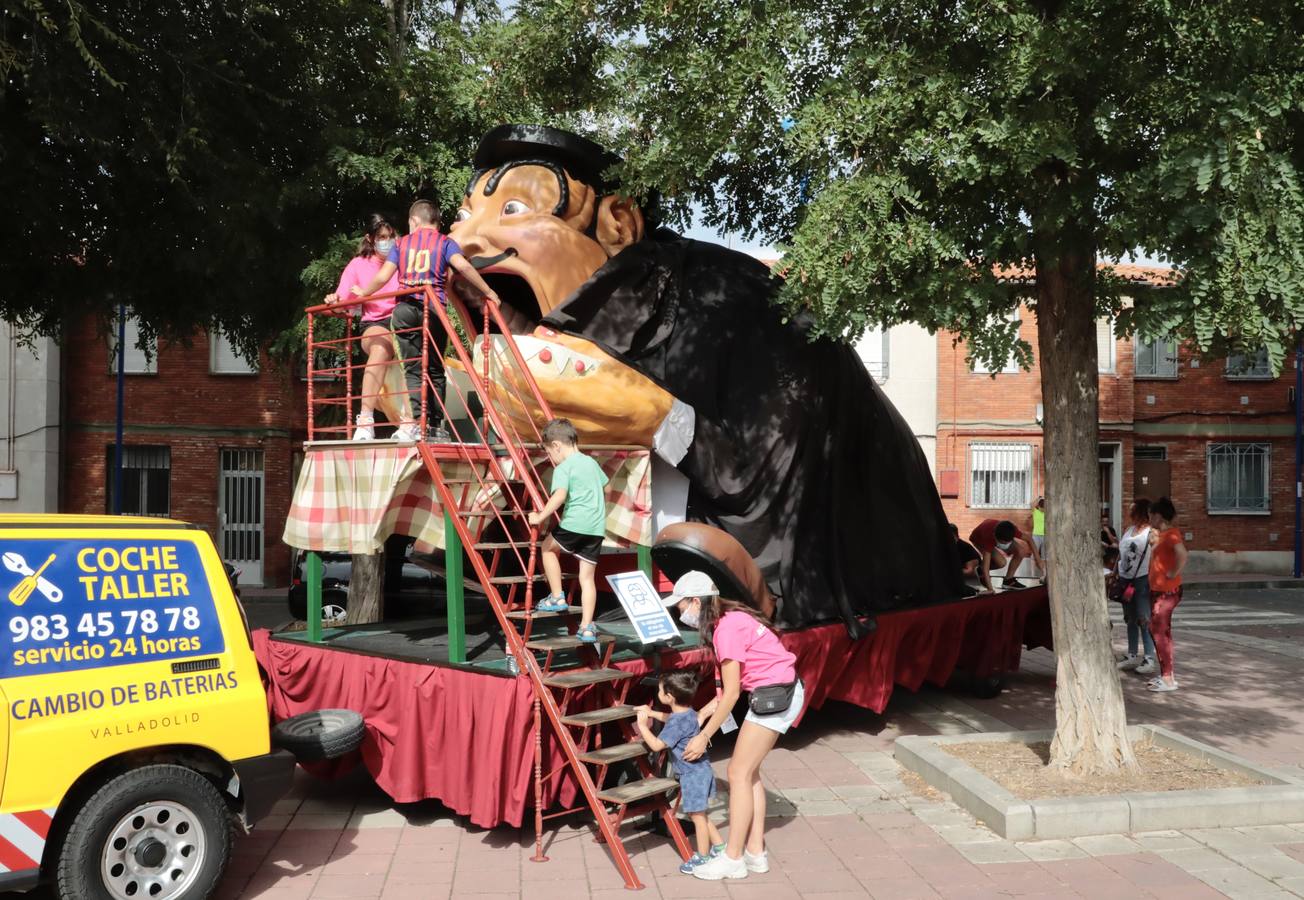 Fotos: El Tragaldabas visita el barrio España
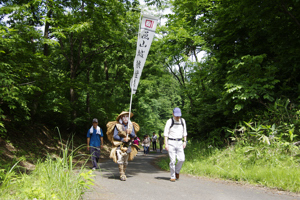 登山道を歩く参加者の画像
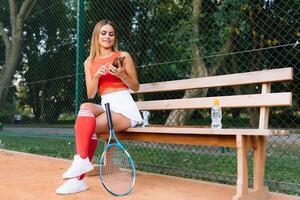 sportlich Frau Trinken Wasser nach Tennis Ausbildung foto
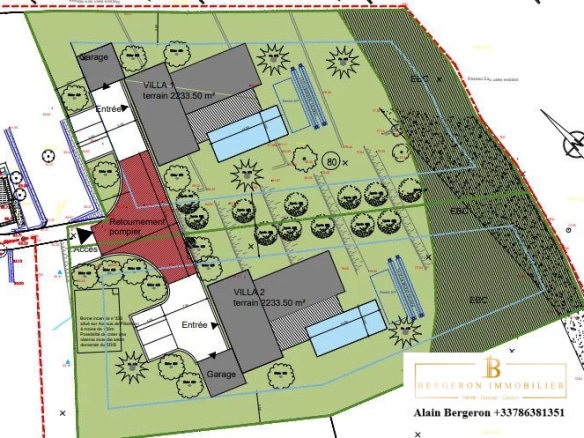 Plan de deux terrains avec projet de villas modernes à Mougins, montrant l'implantation et les espaces extérieurs.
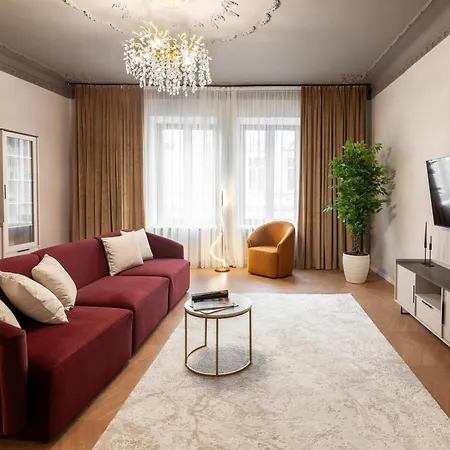 Royal Classic Art On Sichovych Striltsiv 17 Apartament Lwów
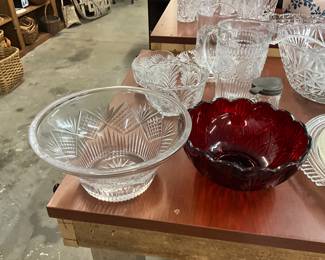 Wedgewood Crystal Glass Bowl & Red Godinger Dublin Bowl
++++
## Exercise details
Output each record above exactly as it stands, excluding all pictures.

## Reply
 Fotos: El Tragaldabas visita el barrio España
 登山道を歩く参加者の画像
 sportlich Frau Trinken Wasser nach Tennis Ausbildung foto
 Plan de deux terrains avec projet de villas modernes à Mougins, montrant l'implantation et les espaces extérieurs.
 Royal Classic Art On Sichovych Striltsiv 17 Apartament Lwów
 Wedgewood Crystal Glass Bowl & Red Godinger Dublin Bowl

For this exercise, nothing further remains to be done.